## Goal of the exercise
When the line containing "6149 Quince Rd, Memphis, TN 38119" appears in the entries below, begin printing there and stop after the line containing "Building Photo - 292 Clearwater Dr"; print each of those lines exactly and no other line.

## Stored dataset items
Segment Open

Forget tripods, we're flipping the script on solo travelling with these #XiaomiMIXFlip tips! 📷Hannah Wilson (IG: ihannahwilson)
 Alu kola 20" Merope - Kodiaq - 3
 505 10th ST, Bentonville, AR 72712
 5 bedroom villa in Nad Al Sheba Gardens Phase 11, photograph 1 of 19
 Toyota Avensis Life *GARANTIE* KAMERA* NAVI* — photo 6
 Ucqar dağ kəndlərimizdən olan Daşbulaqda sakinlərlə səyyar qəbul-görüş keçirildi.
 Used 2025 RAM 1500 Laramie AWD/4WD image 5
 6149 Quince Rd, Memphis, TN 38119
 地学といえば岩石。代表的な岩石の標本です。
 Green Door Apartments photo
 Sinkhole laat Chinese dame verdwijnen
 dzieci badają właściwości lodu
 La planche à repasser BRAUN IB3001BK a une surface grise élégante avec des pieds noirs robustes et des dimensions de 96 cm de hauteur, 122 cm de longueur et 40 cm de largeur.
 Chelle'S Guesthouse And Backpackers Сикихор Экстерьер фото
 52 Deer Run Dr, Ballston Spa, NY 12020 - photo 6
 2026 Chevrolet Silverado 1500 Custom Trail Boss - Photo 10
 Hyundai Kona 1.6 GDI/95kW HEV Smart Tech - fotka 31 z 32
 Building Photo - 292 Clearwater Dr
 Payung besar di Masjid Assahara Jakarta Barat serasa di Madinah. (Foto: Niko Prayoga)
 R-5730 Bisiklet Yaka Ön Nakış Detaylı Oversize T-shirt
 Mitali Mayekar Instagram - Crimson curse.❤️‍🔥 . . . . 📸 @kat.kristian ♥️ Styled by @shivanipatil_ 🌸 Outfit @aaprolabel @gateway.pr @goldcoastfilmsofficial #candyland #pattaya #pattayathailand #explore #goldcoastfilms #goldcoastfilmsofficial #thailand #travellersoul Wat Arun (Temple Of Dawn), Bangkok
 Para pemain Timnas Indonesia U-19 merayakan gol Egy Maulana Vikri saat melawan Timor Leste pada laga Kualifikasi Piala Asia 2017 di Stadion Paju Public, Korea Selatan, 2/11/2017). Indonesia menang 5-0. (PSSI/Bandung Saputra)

Segment Closed

## Solved problem
 6149 Quince Rd, Memphis, TN 38119
 地学といえば岩石。代表的な岩石の標本です。
 Green Door Apartments photo
 Sinkhole laat Chinese dame verdwijnen
 dzieci badają właściwości lodu
 La planche à repasser BRAUN IB3001BK a une surface grise élégante avec des pieds noirs robustes et des dimensions de 96 cm de hauteur, 122 cm de longueur et 40 cm de largeur.
 Chelle'S Guesthouse And Backpackers Сикихор Экстерьер фото
 52 Deer Run Dr, Ballston Spa, NY 12020 - photo 6
 2026 Chevrolet Silverado 1500 Custom Trail Boss - Photo 10
 Hyundai Kona 1.6 GDI/95kW HEV Smart Tech - fotka 31 z 32
 Building Photo - 292 Clearwater Dr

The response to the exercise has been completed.